Pensó un momento en ir al laboratorio de experimentación de animales y trabajar un poco, pero no consiguió obligarse a sí mismo a hacerlo. Por el momento, estaba harto de perros y de mujeres y de cirugía. En su lugar, lo que hizo fue subir a su cuarto, impaciente por descabezar un buen sueño, como quien se toma una poción mágica que lo cura todo, impaciente por hundirse en la inconsciencia.

8

SPURGEON ROBINSON

Spurgeon Robinson pasaba buena parte de su tiempo preocupándose.

«Si uno de los casos de uno tiene que ser sometido a examen de la Conferencia de Mortalidad —se decía—, debiera ser cuando las cosas van bien. En un momento como éste, con un trasplante de riñón que muestra signos crecientes de rechazo, y con el viejo que parece que se le llevan los diablos, es seguro que habrá colegas dispuestos a comerse vivo a quien se les ponga primero a tiro».
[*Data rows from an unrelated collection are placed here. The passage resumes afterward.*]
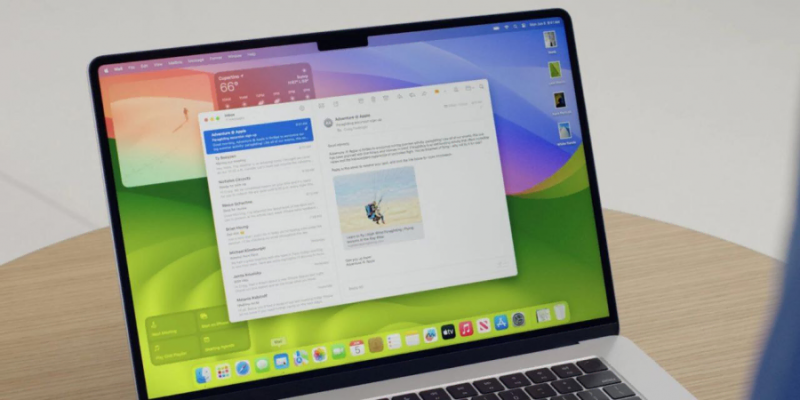Apple представила macOS Sonoma с виджетами рабочего стола и игровым режимом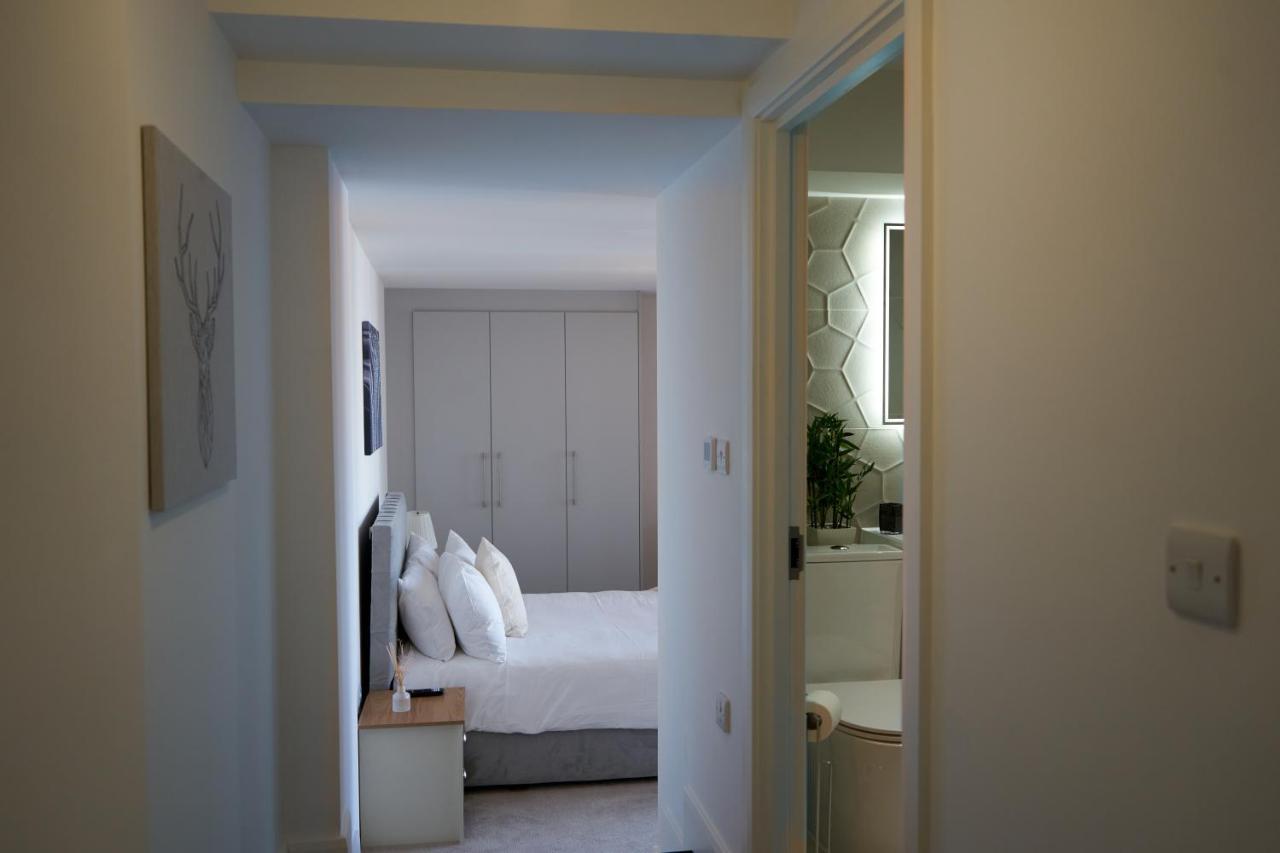 Luxury City Escape Apartments Londen Buitenkant foto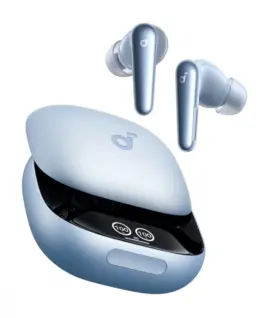 Alternative view of Anker Wireless earphones Soundcore Liberty 4 PRO Bluetooth blue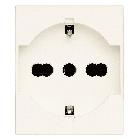 Vimar Linea 30210.B Presa 2P+T 16A universale bianco product photo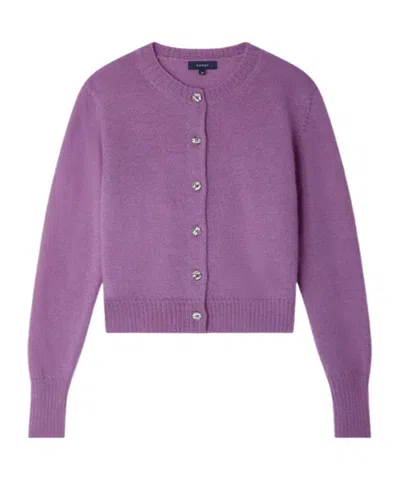 Soeur Sweater In Purple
Comenzó a preguntarse lo que haría si el resultado le fuese adverso.

Cuando tendría que estar durmiendo, se ponía a pensar en los acertijos de Mrs. Donnelly. Una noche soñó que el incidente de la clínica de urgencia volvía a ocurrir, sólo que esta vez en lugar de dar de alta a la mujer para que se fuera a morirse a su casa, su gran pericia médica le permitía darse cuenta instantáneamente de que se había producido una fractura en el proceodontoideo. Aquella mañana se despertó sintiéndose feliz de pies a cabeza, y durante un rato siguió echado y preguntándose a qué se debía, y luego recordó que era porque había salvado la vida a Mrs. Donnelly. Finalmente, como es lógico, llegó a la conclusión de que todo aquello no pasaba de ser un sueño y nada podía cambiar la realidad de las cosas: que era él quien la había matado. Siguió echado, pero deprimido e incapaz de bajar de la cama.
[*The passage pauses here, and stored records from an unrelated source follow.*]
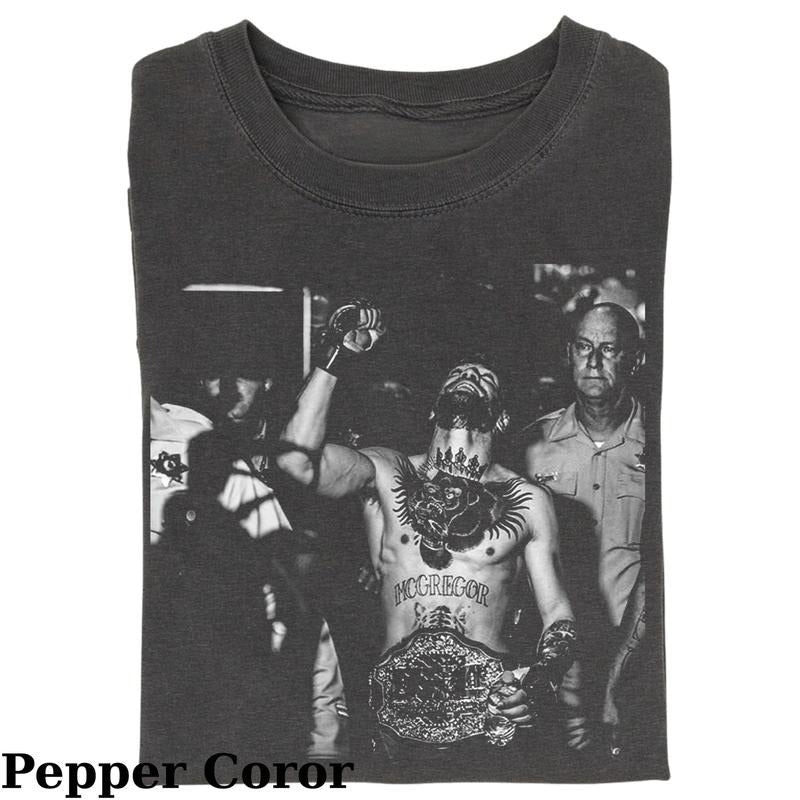 Conor McGregor Win Shirt, Ultimate Fighting Boxing Shirt, UFC Championship Conor McGregor Tshirt, Vintage 90s Graphic MMA...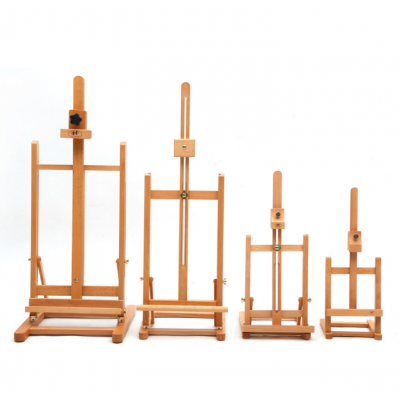 Professional Factory Mini Desktop Beech Wood Easels Drawing Stand for Painting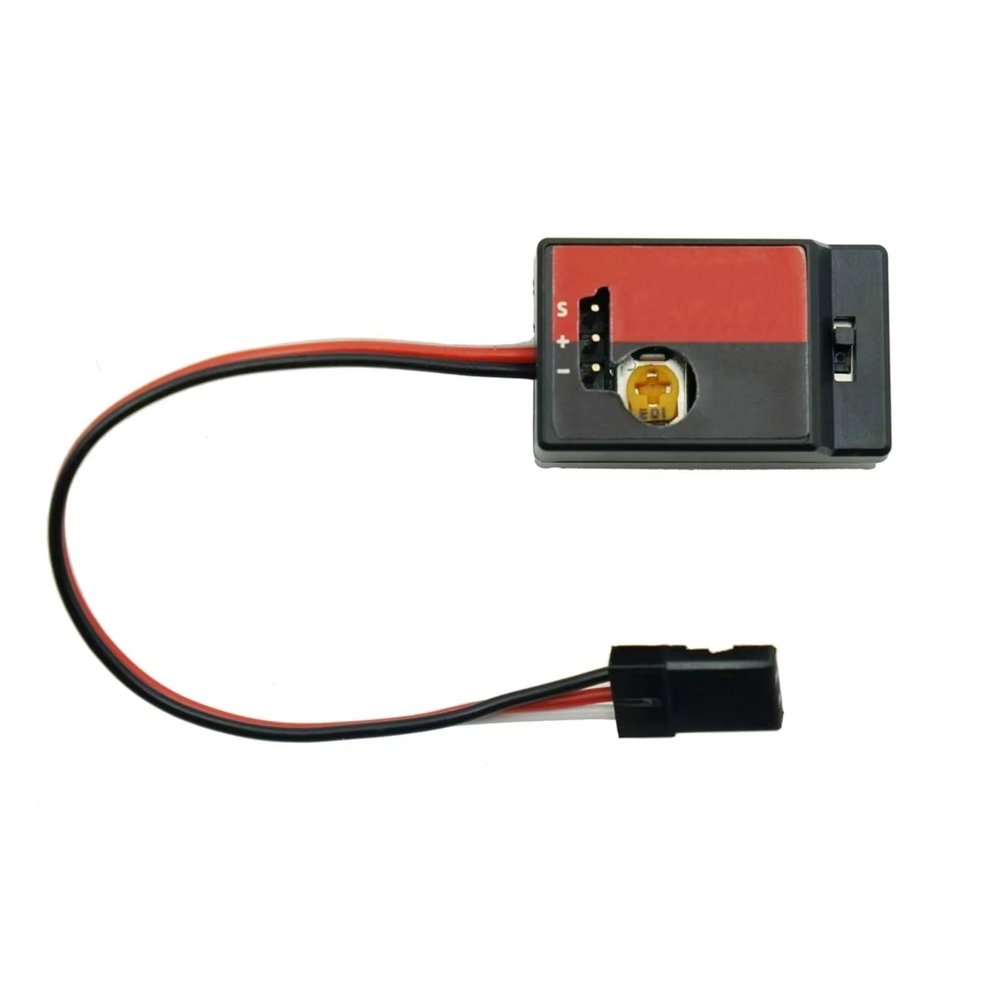 RC Models Parts For WPL D12 D22 D32 D42 D12 For Mini For LDRC AE86 A86 A86P LD1801 LD1802 Drift Auxiliary Gyro Gyroscope RC Car Upgrade Parts Accessories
Era doctor en Medicina. Eso nadie se lo podía quitar.

Si le suspendían como interno, lo único que le quedaba era buscarse un empleo con sueldo fijo en algún sitio. El tío Calvin estaba deseoso de nombrarle médico de la «American Eagle», con el ascenso garantizado. Y algunas grandes empresas norteamericanas contrataban a médicos negros. Pero Spurgeon sabía que si le echaban del hospital y no podía ejercer la Medicina como a él le gustaba, lo que haría es volver a ser el mismo de unos pocos años antes y dedicarse a practicar la música a su manera.

Comenzó a buscar razones para ir al cuarto de Peggy Weld y entablar con la cantante conversaciones sobre música.
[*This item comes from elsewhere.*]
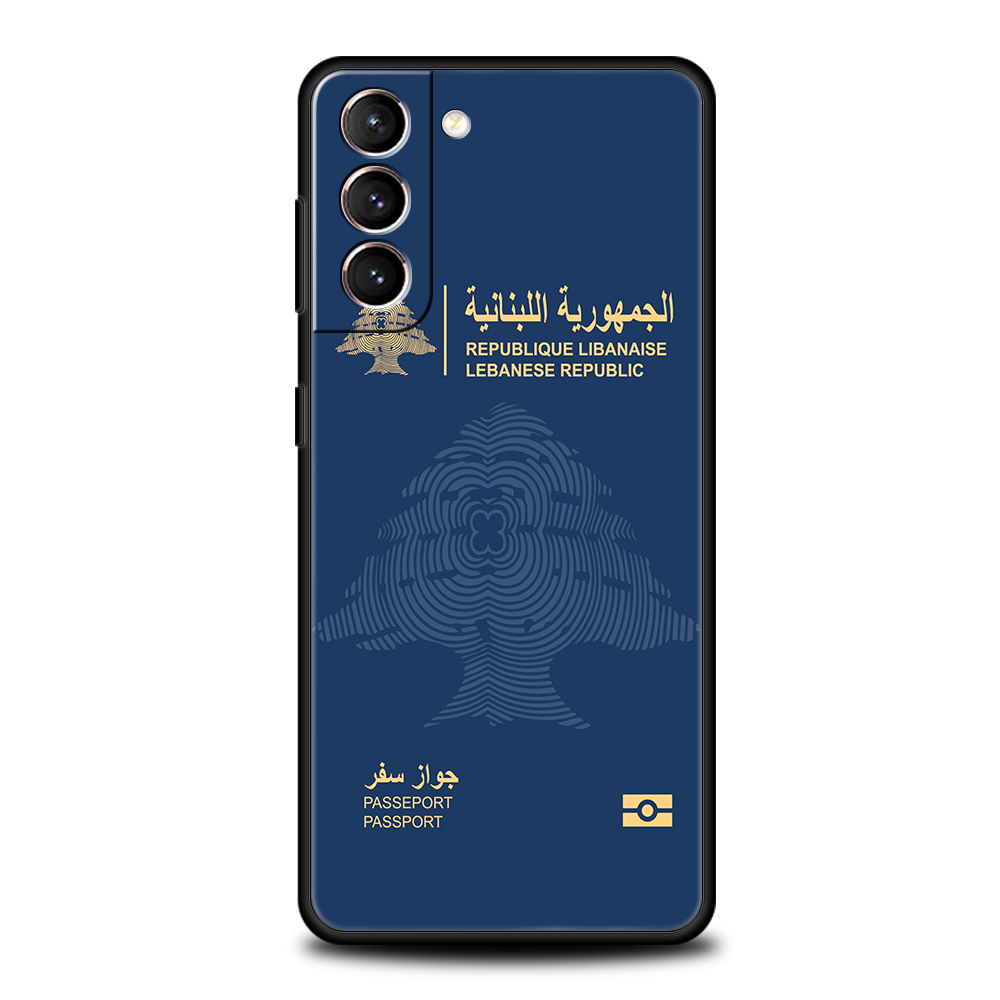 Lebanon Passport Phone Case fo - مراجعة Phone Cases Lebanon وسعره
Al principio, era evidente que ella le consideraba uno de tantos jóvenes que tocan un poco y se creen ya músicos hechos y derechos, pero de pronto descubrió un nombre que conocían los dos.

—¿Dices que tocabas en «Dino's», en la Calle 52, en Manhattan?

THE ACE HIGH. Cabaret resultaba demasiado elegante como calificativo de aquel tugurio; era un bar barato para negros, pero en el rincón tenían un piano.